C’est l’histoire d’un procès. Un jeune garçon d’origine hispanique, Pascual Lozano, comparait en 2001 devant un tribunal de Las Vegas, accusé d’avoir tué d’une balle perdue une fillette dénommée Genesis, cela ne s’invente pas, «petite fille innocente qui en restera, pour toujours, à sa propre genèse, au balbutiement, à l’esquisse de sa propre vie, donnant ainsi raison à sa mère qui lui a donné ce prénom», écrit Nane Beauregard. Balle perdue n’est pas le simple récit d’un procès, c’est aussi une digression sur ce terme de balle perdue qui pourtant peut supprimer une vie, une vie qui commençait tout juste, une vie qui, à une seconde près, aurait pu continuer à s’épanouir, à faire le bonheur d’autres vies plutôt que leur malheur. C’est aussi le portrait de l’accusé, gamin entraîné par d’autres à faire le coup de main, gamin que l’autrice considère comme innocent et qui pourtant refuse de trahir ses amis, loyal jusqu’au bout, même quand sa mère, à la barre, se montrera brisée par le chagrin et la peur de voir son fils condamné à mort.

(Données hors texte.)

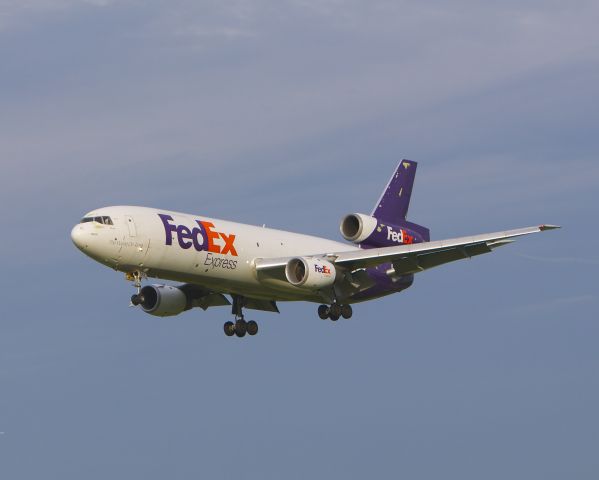 McDonnell Douglas DC-10 (N567FE) - Seen here on final for 33L at BWI June 13. 2013.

«Comme des cadeaux du ciel»
Bizarrement, c’est la figure de Pascual qui s’avère être la plus forte, la plus émouvante sous la plume de Nane Beauregard. Au fil des pages, on s’y attache et l’on tremble à l’heure du verdict que l’on ne vous donnera pas, mieux vaut goûter le plaisir de dévorer ce livre sans savoir ce qu’il adviendra de l’accusé et prendre en pleine figure l’un de ces deux termes «coupable» ou «non coupable». Voici comme l’autrice voit Pascual dans les derniers instants du procès : «La réalité, pour lui, auparavant, était la peau d’un serpent en train de muer, le fruit de son imagination, le liquide amniotique, dans lequel il continuait à flotter dans une demi-vie ou une demi-mort sans parvenir à accéder à la vie telle qu’elle est, à la vie et aux faits dont elle est constituée et dont il croyait pouvoir jusque-là se protéger, comme tous ses camarades de galère, s’imaginant pouvoir se mentir, s’aveugler au besoin, et recevant de plein fouet des rappels à l’ordre, dont la mort de Genesis fut le plus cuisant d’entre eux. Mais Pascual sera finalement le seul à tirer la leçon de ce drame, sans doute du fait de la violence des faits dont il a été accusé.»
Pourquoi raconter ce procès vieux de plus de vingt ans, dont personne ou presque n’a gardé le souvenir ? Et pourquoi s’en emparer ainsi, de façon si subjective et littéraire ? «J’ai écrit Balle perdue après avoir vu une série documentaire sur Arte il y a quelques années intitulé “Justice à Vegas”. Je n’ai donc rien inventé, même et surtout pas les noms propres des personnes qui me sont arrivés comme des cadeaux du ciel, nous a confié Nane Beauregard. Mais j’ai tout inventé à partir de ce que ne disait pas le documentaire qui se contentait de montrer sans parti pris le déroulement du procès et ses à-côtés, en me faufilant dans les interstices qu’il laissait “en blanc” et que j’ai investis avec passion. Plus je pétrissais la pâte de la langue aussi bien française qu’espagnole, plus tout ça s’emboîtait, se répondait, correspondait, presque miraculeusement, exactement comme dans une fiction.» Un livre d’une grande puissance noire et poétique.